WORK ITEM:
Restate exactly, and only, the lines from the one with "Image of Skincare" through the end of the data, with both of those end lines kept. Drop any pictures.

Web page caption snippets
■ ■ ■ ■ ■ ■ ■
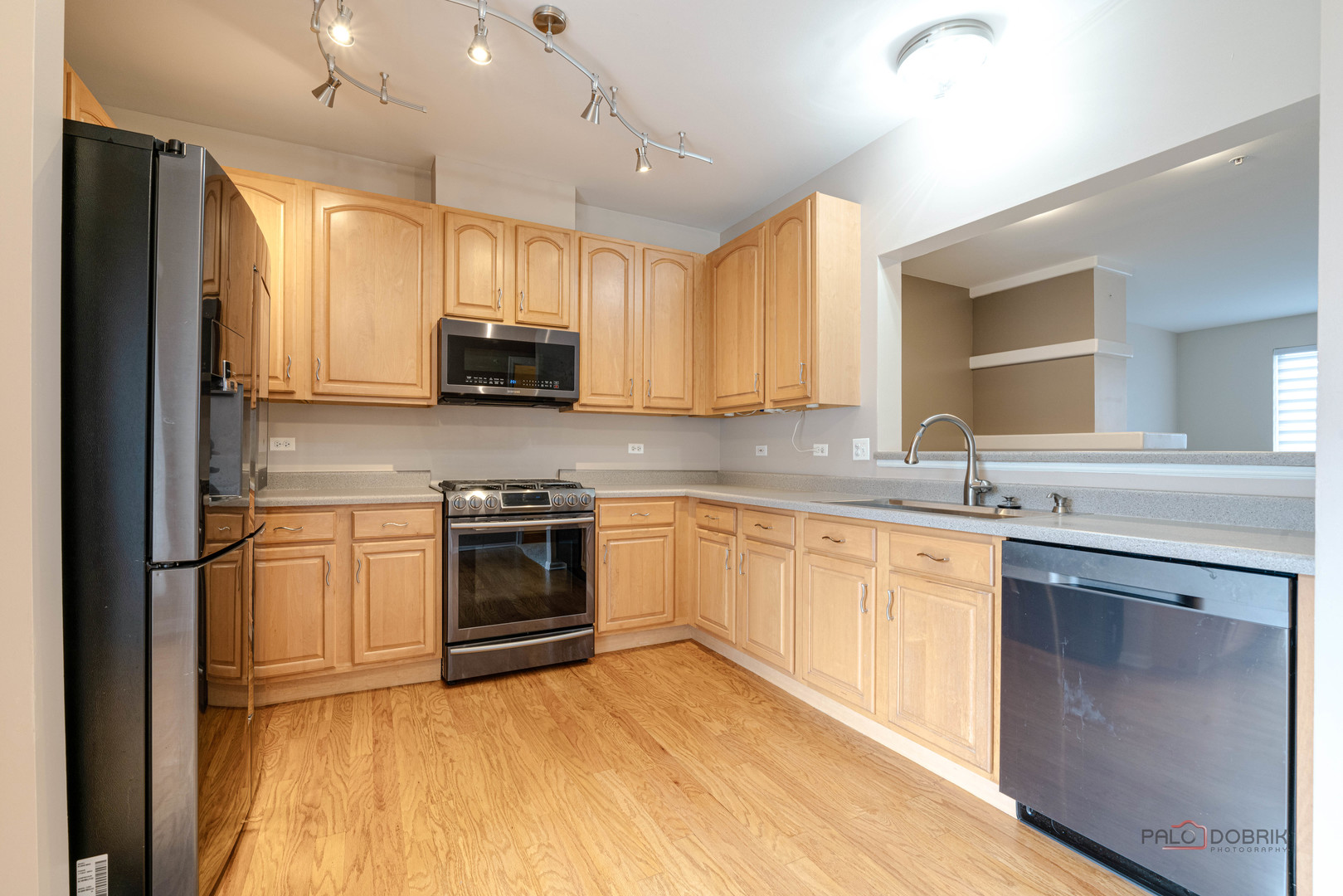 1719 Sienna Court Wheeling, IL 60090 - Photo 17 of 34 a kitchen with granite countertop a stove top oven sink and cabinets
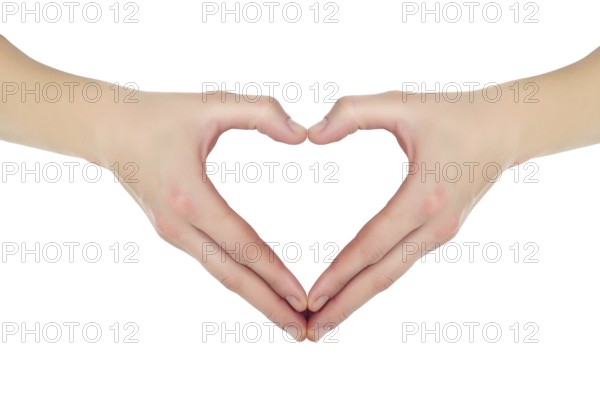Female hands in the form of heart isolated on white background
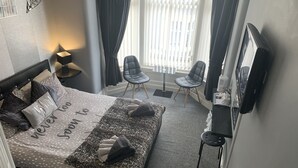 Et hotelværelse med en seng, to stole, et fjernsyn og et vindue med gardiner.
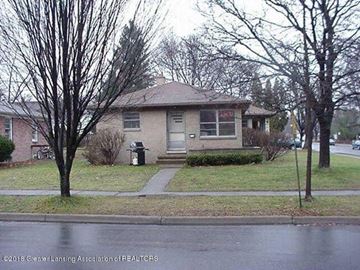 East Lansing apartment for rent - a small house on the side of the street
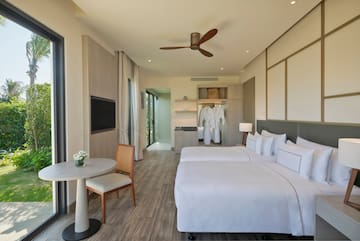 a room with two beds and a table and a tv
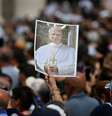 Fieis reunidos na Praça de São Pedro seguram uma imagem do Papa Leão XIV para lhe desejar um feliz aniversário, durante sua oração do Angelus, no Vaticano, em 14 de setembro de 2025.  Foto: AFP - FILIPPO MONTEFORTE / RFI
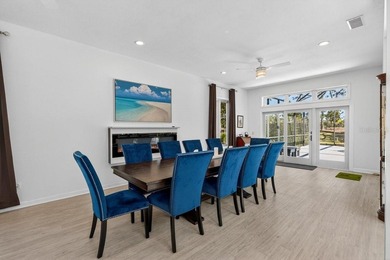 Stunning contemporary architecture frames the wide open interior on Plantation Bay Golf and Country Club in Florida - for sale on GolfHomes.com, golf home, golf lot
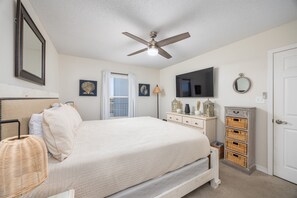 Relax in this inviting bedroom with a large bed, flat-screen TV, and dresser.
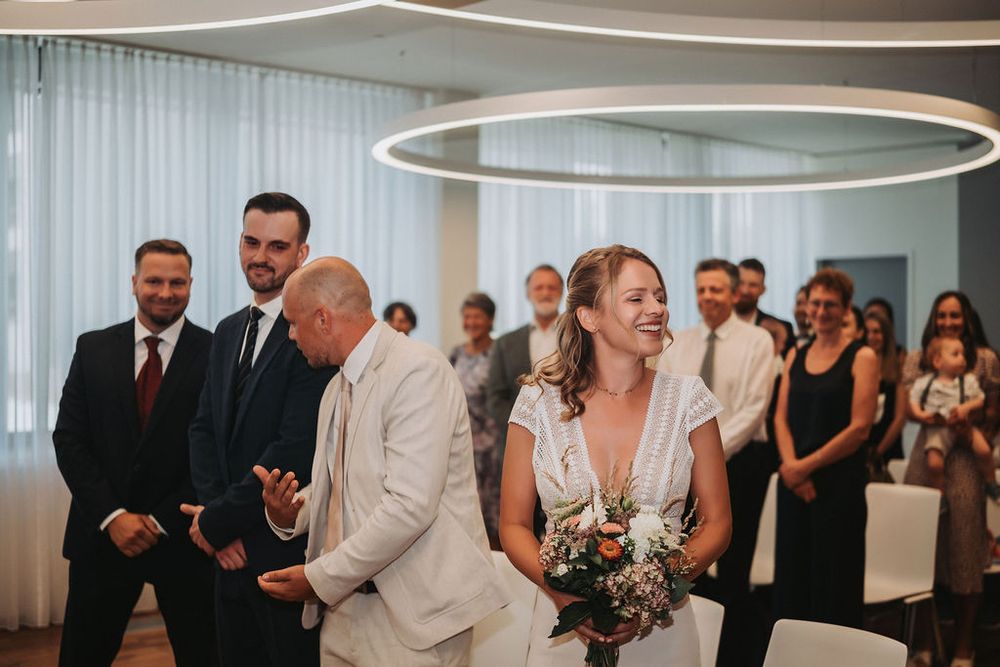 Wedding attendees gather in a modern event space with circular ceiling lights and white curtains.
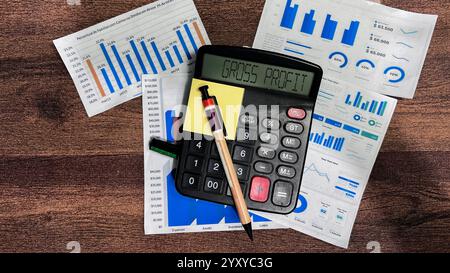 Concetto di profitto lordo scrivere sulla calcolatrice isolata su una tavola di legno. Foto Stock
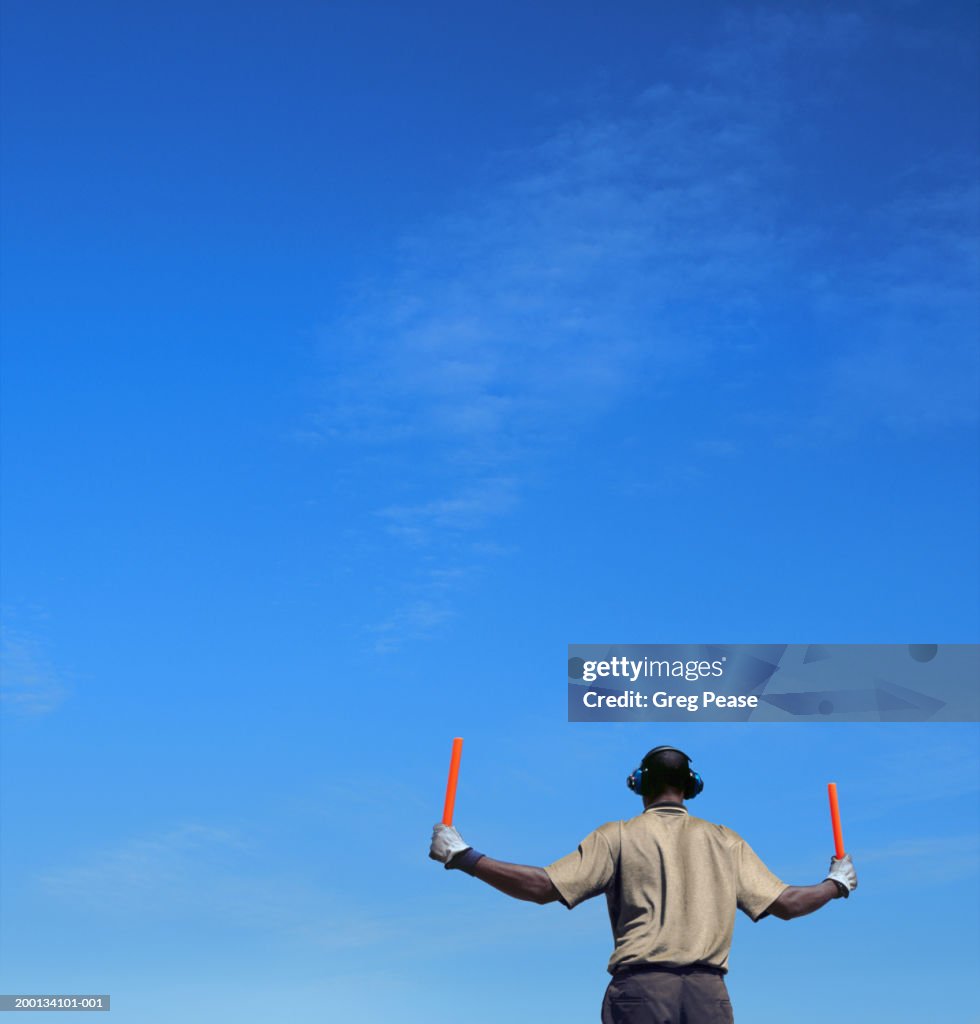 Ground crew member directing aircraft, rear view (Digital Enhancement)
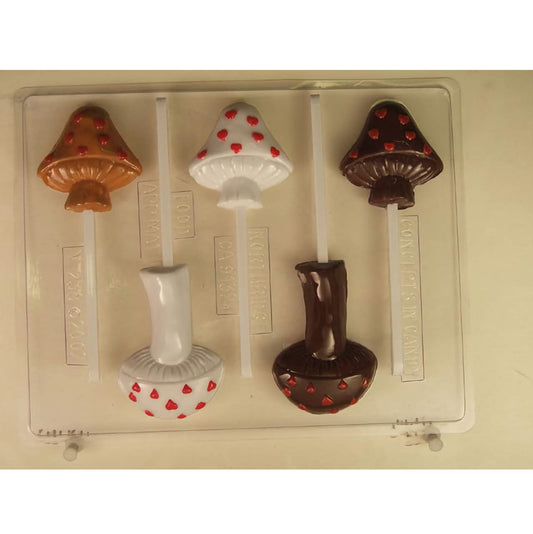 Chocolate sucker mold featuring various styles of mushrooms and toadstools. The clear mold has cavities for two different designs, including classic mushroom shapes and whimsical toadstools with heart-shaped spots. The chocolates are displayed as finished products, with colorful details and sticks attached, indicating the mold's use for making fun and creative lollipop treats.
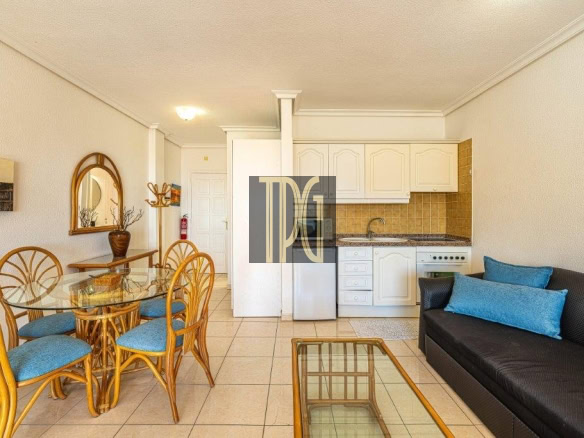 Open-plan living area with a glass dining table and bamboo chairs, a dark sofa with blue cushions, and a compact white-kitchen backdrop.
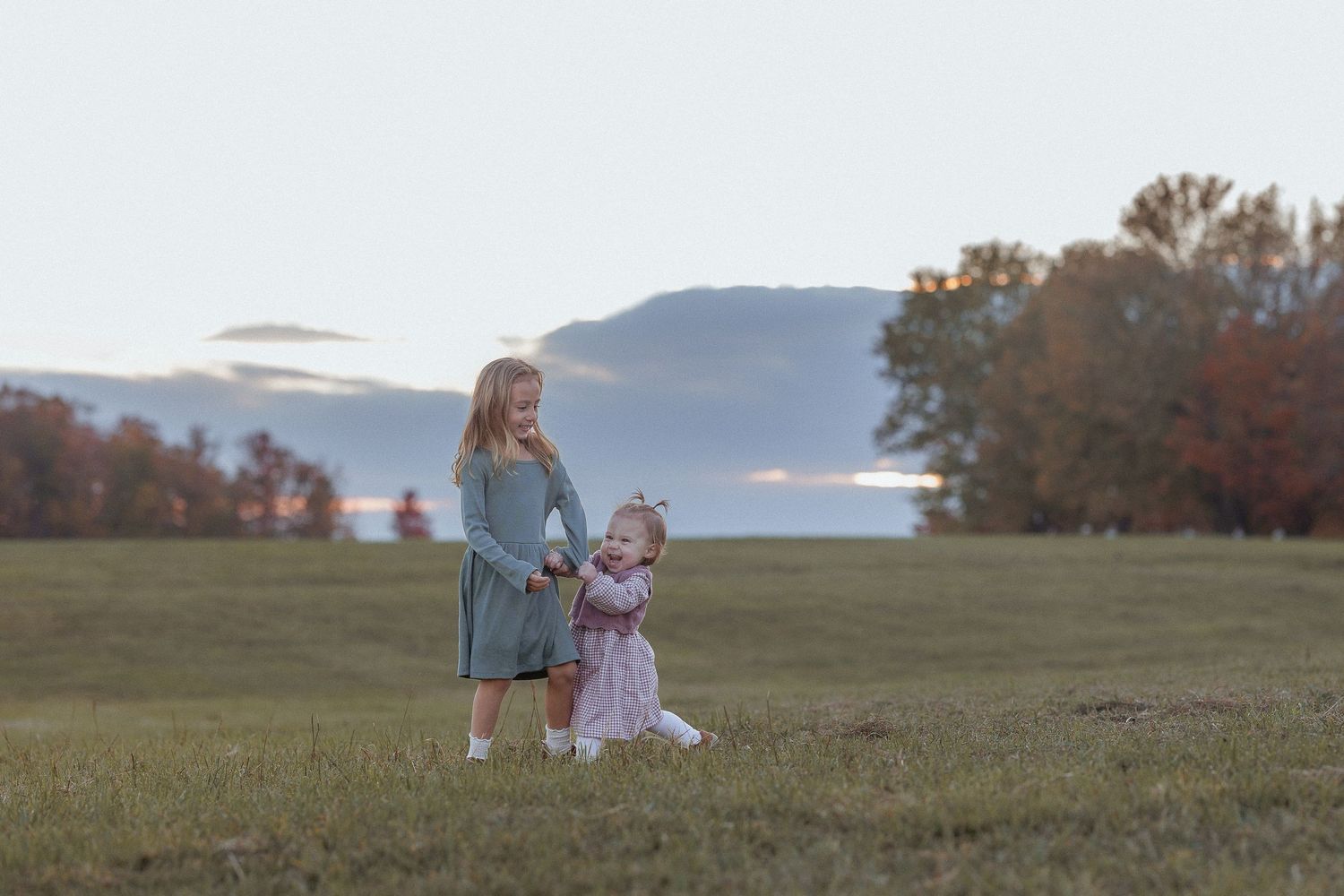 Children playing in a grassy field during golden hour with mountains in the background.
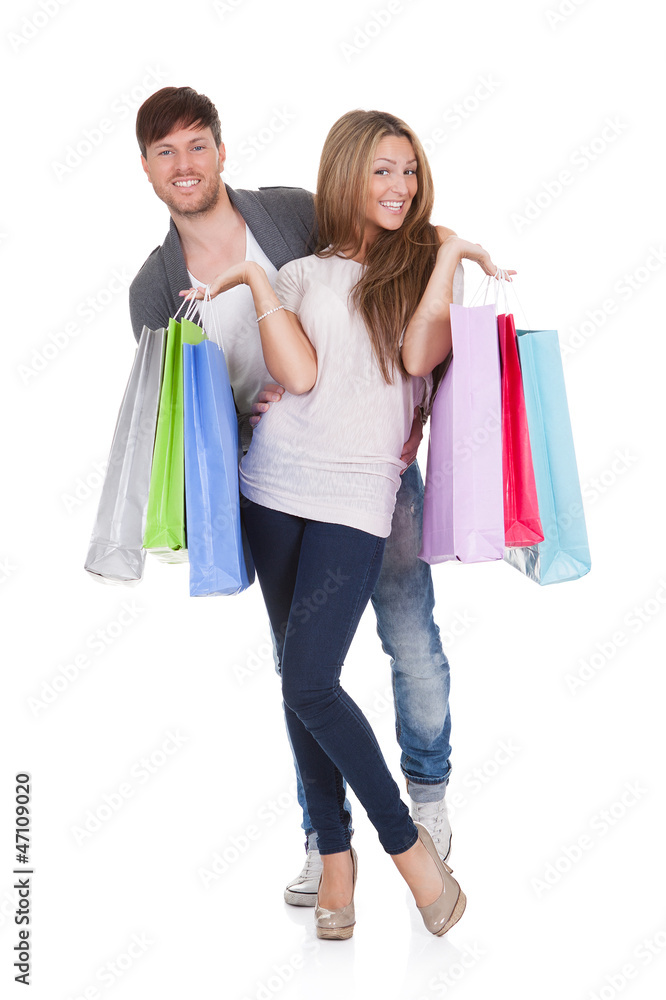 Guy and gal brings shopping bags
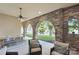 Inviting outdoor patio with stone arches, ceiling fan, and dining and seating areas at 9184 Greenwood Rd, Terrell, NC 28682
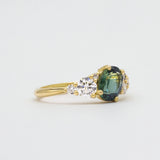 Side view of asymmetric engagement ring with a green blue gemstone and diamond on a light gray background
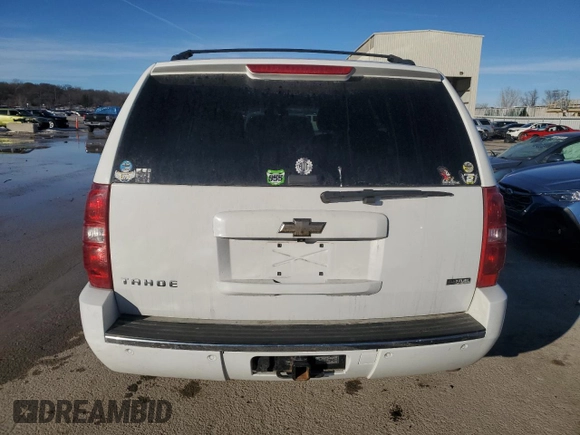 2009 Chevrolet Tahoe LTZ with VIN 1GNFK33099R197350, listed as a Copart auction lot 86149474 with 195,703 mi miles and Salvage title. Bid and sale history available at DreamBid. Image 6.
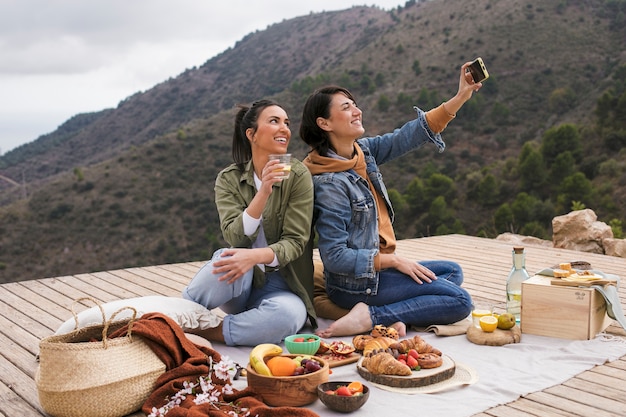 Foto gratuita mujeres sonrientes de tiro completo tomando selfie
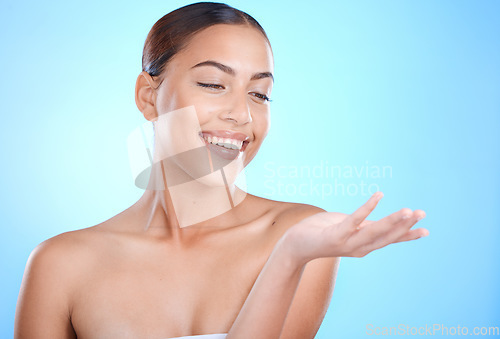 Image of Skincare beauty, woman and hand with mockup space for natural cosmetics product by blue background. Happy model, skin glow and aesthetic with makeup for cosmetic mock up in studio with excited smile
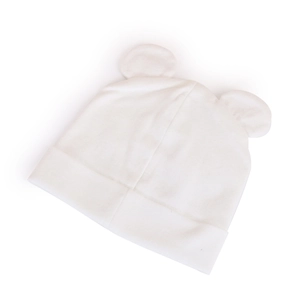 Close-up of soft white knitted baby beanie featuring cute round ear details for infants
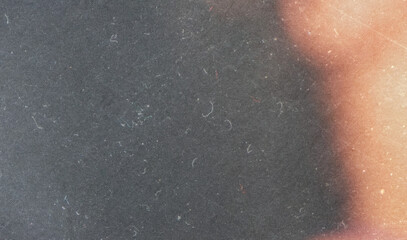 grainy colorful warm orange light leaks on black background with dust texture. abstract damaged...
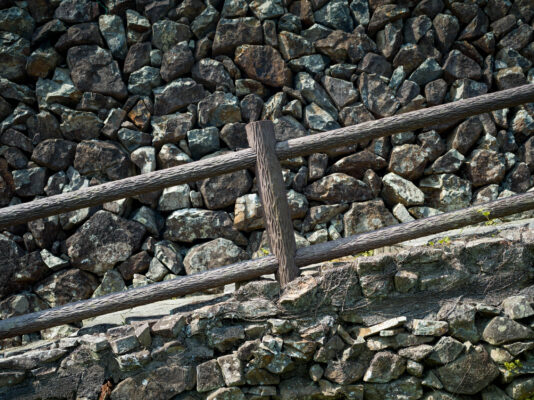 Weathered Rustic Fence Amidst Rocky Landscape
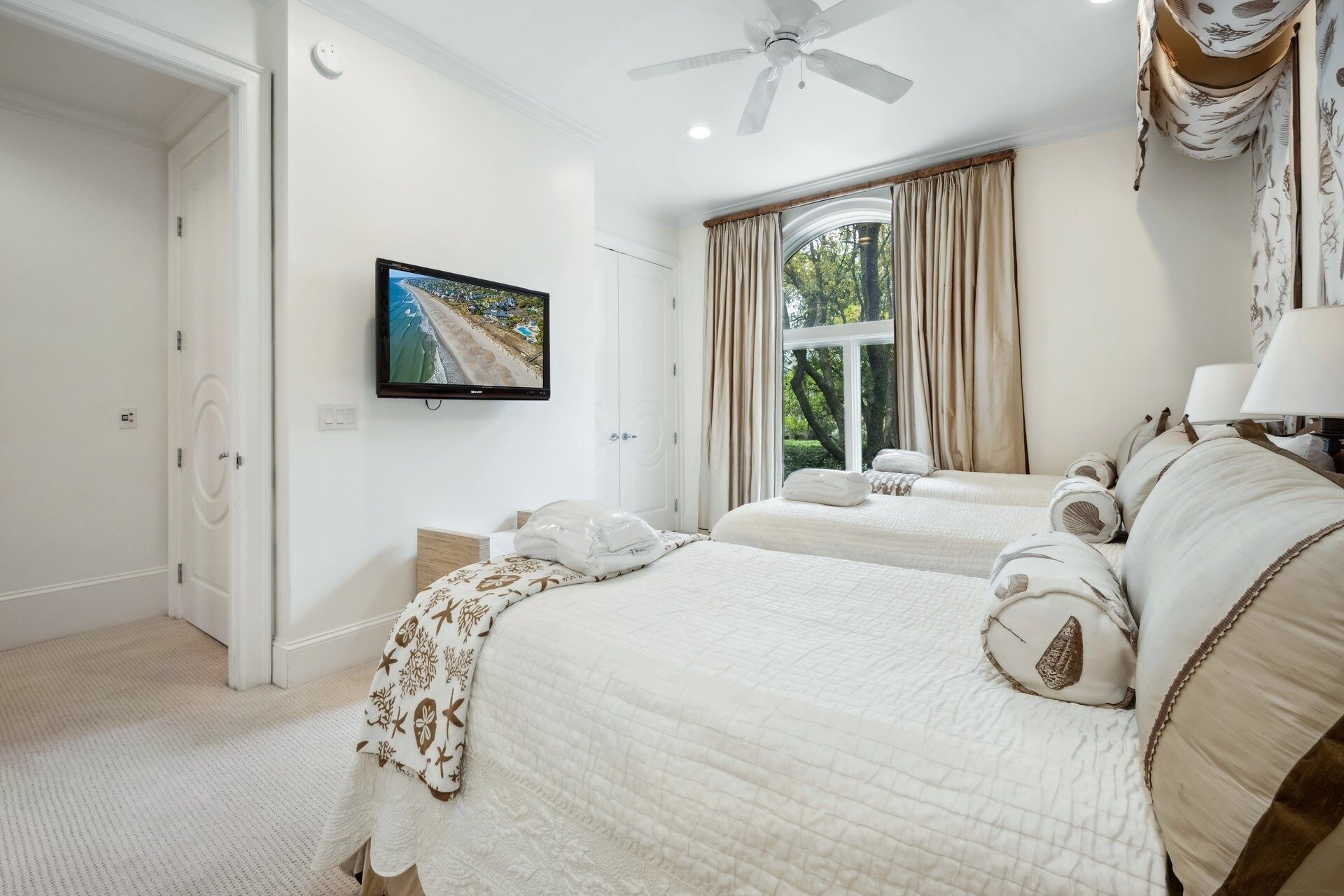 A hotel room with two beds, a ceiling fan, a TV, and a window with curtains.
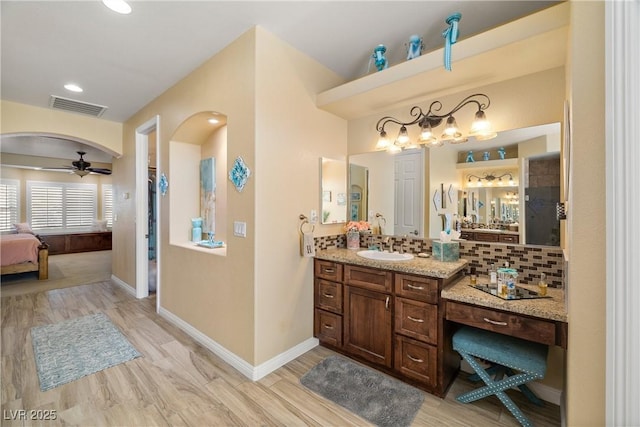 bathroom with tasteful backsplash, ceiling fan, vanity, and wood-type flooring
■ ■ ■ ■ ■ ■ ■
FINISHED TASK:
 Image of Skincare beauty, woman and hand with mockup space for natural cosmetics product by blue background. Happy model, skin glow and aesthetic with makeup for cosmetic mock up in studio with excited smile
 Close-up of soft white knitted baby beanie featuring cute round ear details for infants
 grainy colorful warm orange light leaks on black background with dust texture. abstract damaged...
 Weathered Rustic Fence Amidst Rocky Landscape
 A hotel room with two beds, a ceiling fan, a TV, and a window with curtains.
 bathroom with tasteful backsplash, ceiling fan, vanity, and wood-type flooring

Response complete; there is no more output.